__Data records__
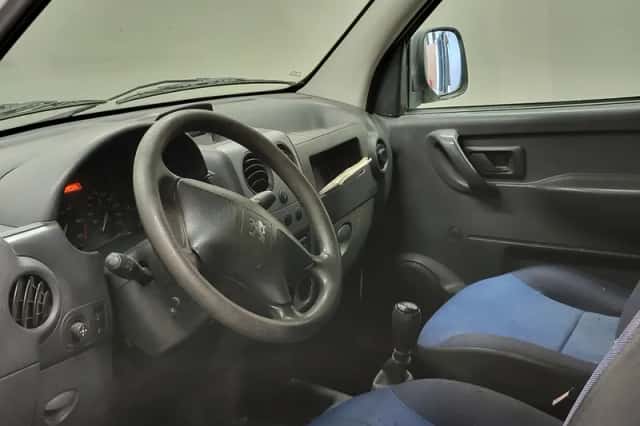 Peugeot Partner (2005) thumbnail 4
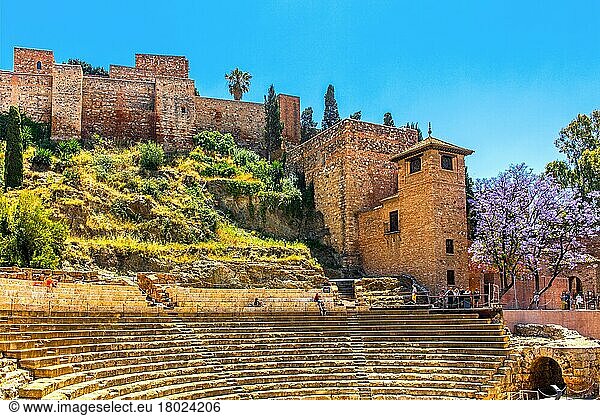 Römisches Theater vor Alcazaba  Malaga  Malaga  Andalusien  Spanien  Europa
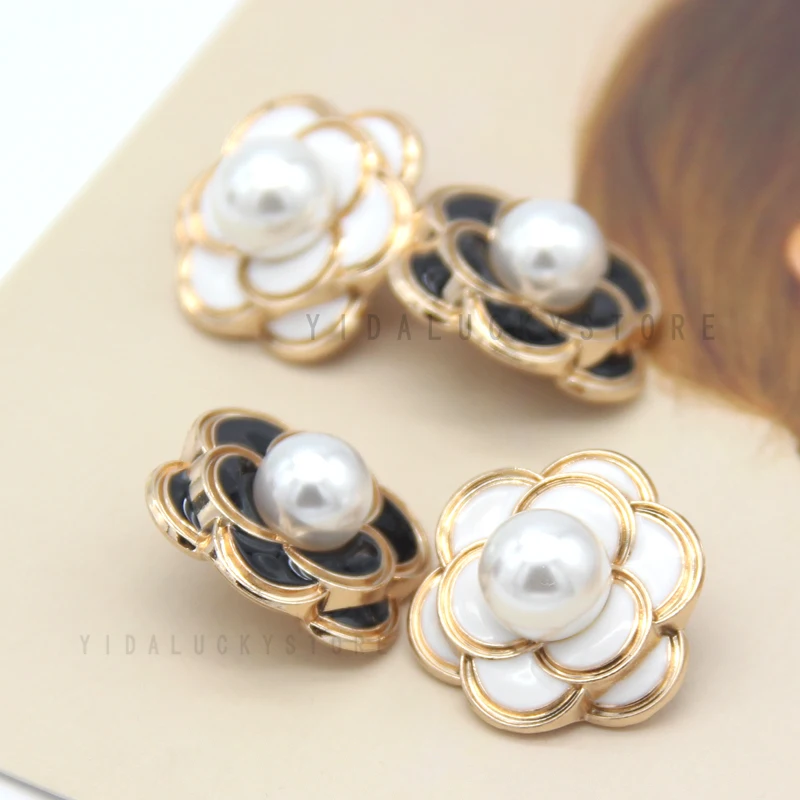 HENGC Vintage Flower Gold Metal Pearl Jewelry Buttons For Clothes Jacket Coat Decorative Handmade DIY Sewing Crafts Wholesale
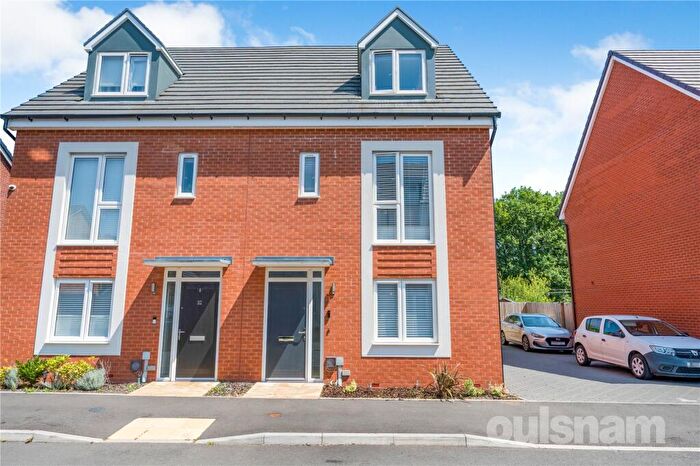 4 Bedroom Semi-Detached House For Sale In Dineley Road, Cofton Hackett, Birmingham, Worcestershire, B45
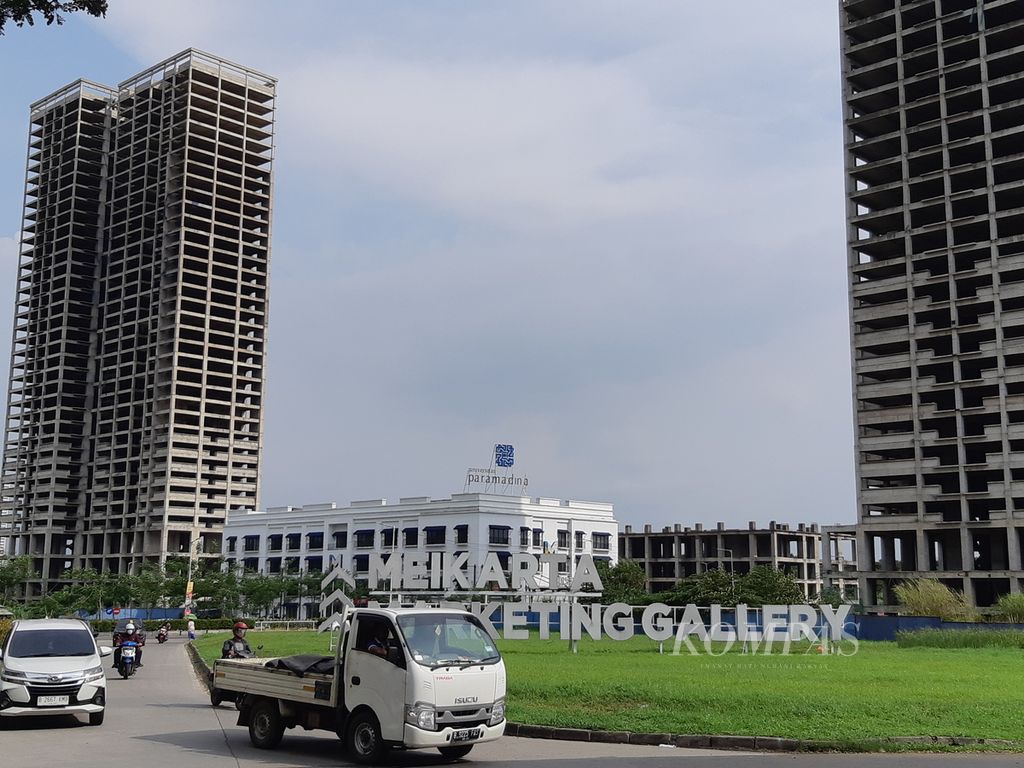 Kondisi gedung bangunan apartemen Distrik 2 Meikarta, Cikarang, Kabupaten Bekasi, pada Selasa (13/12/2022) siang.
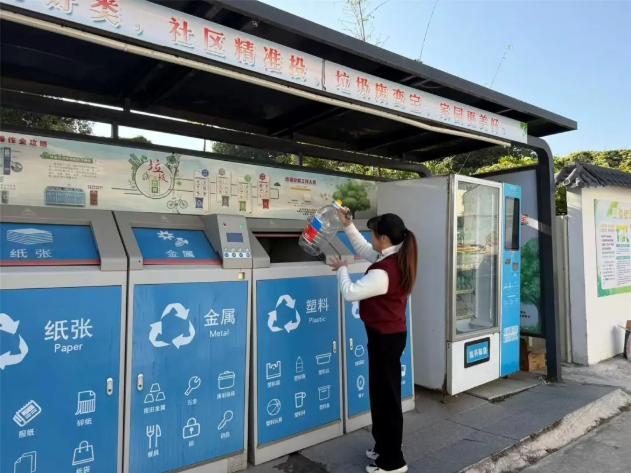 1767923532740950.png 444444444444444444.png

__Task__
Repeat verbatim all the material, but not the pictures.

__Solution for this task__
 Peugeot Partner (2005) thumbnail 4
 Römisches Theater vor Alcazaba  Malaga  Malaga  Andalusien  Spanien  Europa
 HENGC Vintage Flower Gold Metal Pearl Jewelry Buttons For Clothes Jacket Coat Decorative Handmade DIY Sewing Crafts Wholesale
 4 Bedroom Semi-Detached House For Sale In Dineley Road, Cofton Hackett, Birmingham, Worcestershire, B45
 Kondisi gedung bangunan apartemen Distrik 2 Meikarta, Cikarang, Kabupaten Bekasi, pada Selasa (13/12/2022) siang.
 1767923532740950.png 444444444444444444.png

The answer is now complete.